C’était l’été 1980, celui de mes seize ans, l’âge de Suzanne, la fille du Barrage contre le Pacifique. Cet été-là, mes parents avaient loué une maison à Argelès-sur-mer, au bord de l’Atlantique. Une résidence sonore, qui laissait passer les gronderies des mères, les cris des enfants. Je m’ennuyais – comme toutes les adolescentes du monde, avec une sorte d’acharnement silencieux. Humeur gentiment dépressive. J’avais le sentiment de me cogner contre une vitre. La fin d’un cycle. L’an prochain, c’est certain, je partirai sac au dos.

Toujours, tout le temps, réveillée avant les autres, que ça soit en vacances, pendant l’année, ce petit sommeil que les « bons dormeurs » envient aux mauvais coucheurs, eux qui y voient une forme de malédiction. Réveil au petit matin, cernes, première promenade pieds nus sur le sable, premier bain de mer, et puis – la plus belle des plages ne pouvant donner que ce qu’elle est – retour, ennui, livres, désir d’écrire, sans m’y mettre vraiment. J’attendais une rencontre.
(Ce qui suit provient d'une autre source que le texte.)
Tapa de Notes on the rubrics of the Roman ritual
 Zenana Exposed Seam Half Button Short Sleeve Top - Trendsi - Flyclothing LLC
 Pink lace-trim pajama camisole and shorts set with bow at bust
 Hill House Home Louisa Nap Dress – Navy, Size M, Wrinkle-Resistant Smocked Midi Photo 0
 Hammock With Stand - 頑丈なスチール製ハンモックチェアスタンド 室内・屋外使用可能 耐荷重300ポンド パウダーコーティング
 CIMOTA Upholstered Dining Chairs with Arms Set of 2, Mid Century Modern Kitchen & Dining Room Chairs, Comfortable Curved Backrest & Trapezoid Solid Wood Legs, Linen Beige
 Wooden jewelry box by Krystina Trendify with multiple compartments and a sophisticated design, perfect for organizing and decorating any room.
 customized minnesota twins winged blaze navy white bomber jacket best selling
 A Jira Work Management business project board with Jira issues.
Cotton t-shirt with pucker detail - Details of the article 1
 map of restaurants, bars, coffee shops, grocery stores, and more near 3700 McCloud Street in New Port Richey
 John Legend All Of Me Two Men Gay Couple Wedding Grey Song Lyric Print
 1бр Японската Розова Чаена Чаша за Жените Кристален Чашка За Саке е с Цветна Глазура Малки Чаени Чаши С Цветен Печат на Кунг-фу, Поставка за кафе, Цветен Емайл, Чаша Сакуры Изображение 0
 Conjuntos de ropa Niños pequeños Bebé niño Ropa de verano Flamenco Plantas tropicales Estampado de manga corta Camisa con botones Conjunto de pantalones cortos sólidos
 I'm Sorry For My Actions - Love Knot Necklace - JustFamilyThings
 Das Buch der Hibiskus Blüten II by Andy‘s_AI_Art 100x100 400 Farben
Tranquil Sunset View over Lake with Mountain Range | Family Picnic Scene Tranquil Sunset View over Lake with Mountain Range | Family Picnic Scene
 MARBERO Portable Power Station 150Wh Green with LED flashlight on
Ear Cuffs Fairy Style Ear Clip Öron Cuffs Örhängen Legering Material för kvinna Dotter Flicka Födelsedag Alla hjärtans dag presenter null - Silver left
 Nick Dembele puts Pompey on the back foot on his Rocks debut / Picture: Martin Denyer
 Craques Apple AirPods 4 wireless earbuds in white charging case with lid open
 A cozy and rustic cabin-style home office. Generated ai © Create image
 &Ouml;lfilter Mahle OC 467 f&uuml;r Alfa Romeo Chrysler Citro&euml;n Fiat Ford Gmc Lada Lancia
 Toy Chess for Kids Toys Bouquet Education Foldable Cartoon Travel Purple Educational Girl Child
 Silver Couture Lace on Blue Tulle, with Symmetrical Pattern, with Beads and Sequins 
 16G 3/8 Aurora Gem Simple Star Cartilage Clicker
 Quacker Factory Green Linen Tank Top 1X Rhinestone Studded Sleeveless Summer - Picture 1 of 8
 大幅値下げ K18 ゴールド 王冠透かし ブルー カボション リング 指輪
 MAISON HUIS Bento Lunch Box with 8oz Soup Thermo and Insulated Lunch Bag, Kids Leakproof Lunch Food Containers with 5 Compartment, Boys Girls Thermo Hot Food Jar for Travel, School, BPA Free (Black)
Cette rencontre a eu lieu au marché. Je m’en souviens avec la force d’une déflagration amoureuse. Je me souviens même, quelques décennies plus tard, de ce que je portais : un genre de salopette rayée à la mode des années quatre-vingt. C’était un petit marché, minuscule. Il n’y avait qu’un vendeur de fruits et légumes, un marchand de fromages de brebis avec de la confiture de cerises noires, un étal de pains d’épices et miel. Et, sur une petite table de camping bringuebalante, quelques livres cornés et défraîchis. Dans la pile de Guy des Cars, de Barbara Cartland, de manuels sur l’astrologie, de grands classiques édités à la NRF, soudain, un petit livre bleu me fait de l’oeil. Le titre ne m’émoustille pas : Un barrage contre le Pacifique, n’est-ce pas le titre d’un roman de guerre ? Je déteste les films de guerre et les westerns. Je comprendrai plus tard qu’il y est question d’une guerre bien plus intime, un de ces huis clos suffocants que j’affectionne. Mais je ne le sais pas encore.